Top of INFORMATION PROVIDED

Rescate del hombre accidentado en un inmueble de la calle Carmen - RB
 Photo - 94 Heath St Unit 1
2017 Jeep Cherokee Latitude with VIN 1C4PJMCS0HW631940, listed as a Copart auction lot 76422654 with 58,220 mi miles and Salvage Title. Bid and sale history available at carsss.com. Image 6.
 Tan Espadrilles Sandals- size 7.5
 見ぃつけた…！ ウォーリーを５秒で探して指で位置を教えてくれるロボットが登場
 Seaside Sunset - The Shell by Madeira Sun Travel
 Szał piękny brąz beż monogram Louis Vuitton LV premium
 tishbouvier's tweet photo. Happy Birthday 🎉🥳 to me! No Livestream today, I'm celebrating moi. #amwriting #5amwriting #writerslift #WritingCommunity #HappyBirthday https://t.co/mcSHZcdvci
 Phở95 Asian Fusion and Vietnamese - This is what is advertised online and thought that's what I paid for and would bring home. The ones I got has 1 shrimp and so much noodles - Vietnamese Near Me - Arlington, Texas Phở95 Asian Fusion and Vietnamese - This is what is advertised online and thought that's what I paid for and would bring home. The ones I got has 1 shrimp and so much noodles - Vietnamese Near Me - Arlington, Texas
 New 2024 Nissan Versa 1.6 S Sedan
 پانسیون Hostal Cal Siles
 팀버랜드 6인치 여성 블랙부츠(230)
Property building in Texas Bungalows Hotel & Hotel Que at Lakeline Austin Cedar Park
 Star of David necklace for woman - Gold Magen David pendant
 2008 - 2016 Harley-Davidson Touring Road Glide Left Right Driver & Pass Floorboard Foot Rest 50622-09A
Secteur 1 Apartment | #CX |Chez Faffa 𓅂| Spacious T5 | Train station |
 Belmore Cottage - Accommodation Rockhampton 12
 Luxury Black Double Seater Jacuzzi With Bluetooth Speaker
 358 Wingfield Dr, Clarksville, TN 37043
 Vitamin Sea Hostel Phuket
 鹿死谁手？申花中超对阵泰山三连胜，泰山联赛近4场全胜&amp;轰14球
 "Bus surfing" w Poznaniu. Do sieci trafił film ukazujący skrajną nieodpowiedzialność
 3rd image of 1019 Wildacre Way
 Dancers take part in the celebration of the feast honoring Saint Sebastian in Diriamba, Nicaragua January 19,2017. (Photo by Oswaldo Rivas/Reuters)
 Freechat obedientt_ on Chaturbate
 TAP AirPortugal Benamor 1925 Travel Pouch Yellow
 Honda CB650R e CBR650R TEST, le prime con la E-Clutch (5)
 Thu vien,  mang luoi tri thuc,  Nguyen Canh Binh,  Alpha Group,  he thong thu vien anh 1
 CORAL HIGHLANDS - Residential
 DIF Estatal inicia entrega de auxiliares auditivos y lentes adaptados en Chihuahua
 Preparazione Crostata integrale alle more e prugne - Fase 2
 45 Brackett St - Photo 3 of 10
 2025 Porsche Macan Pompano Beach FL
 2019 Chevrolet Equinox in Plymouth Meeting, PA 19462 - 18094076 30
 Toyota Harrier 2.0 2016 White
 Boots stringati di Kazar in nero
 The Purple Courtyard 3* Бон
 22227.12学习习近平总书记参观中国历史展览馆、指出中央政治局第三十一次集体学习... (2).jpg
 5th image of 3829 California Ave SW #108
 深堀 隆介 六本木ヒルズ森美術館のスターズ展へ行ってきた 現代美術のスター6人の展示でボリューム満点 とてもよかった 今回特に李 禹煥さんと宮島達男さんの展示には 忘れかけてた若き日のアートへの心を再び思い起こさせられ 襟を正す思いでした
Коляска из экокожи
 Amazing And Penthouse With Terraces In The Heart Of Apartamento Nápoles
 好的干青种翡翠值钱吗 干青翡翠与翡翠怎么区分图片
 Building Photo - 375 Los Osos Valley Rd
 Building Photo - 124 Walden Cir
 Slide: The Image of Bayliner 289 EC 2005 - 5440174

Bottom of INFORMATION PROVIDED

REQUIRED WORK => Set down verbatim only the lines between the start of the data above and the line with "Szał piękny brąz", both boundaries included.

OUTPUT OF THE EXERCISE =>
Rescate del hombre accidentado en un inmueble de la calle Carmen - RB
 Photo - 94 Heath St Unit 1
2017 Jeep Cherokee Latitude with VIN 1C4PJMCS0HW631940, listed as a Copart auction lot 76422654 with 58,220 mi miles and Salvage Title. Bid and sale history available at carsss.com. Image 6.
 Tan Espadrilles Sandals- size 7.5
 見ぃつけた…！ ウォーリーを５秒で探して指で位置を教えてくれるロボットが登場
 Seaside Sunset - The Shell by Madeira Sun Travel
 Szał piękny brąz beż monogram Louis Vuitton LV premium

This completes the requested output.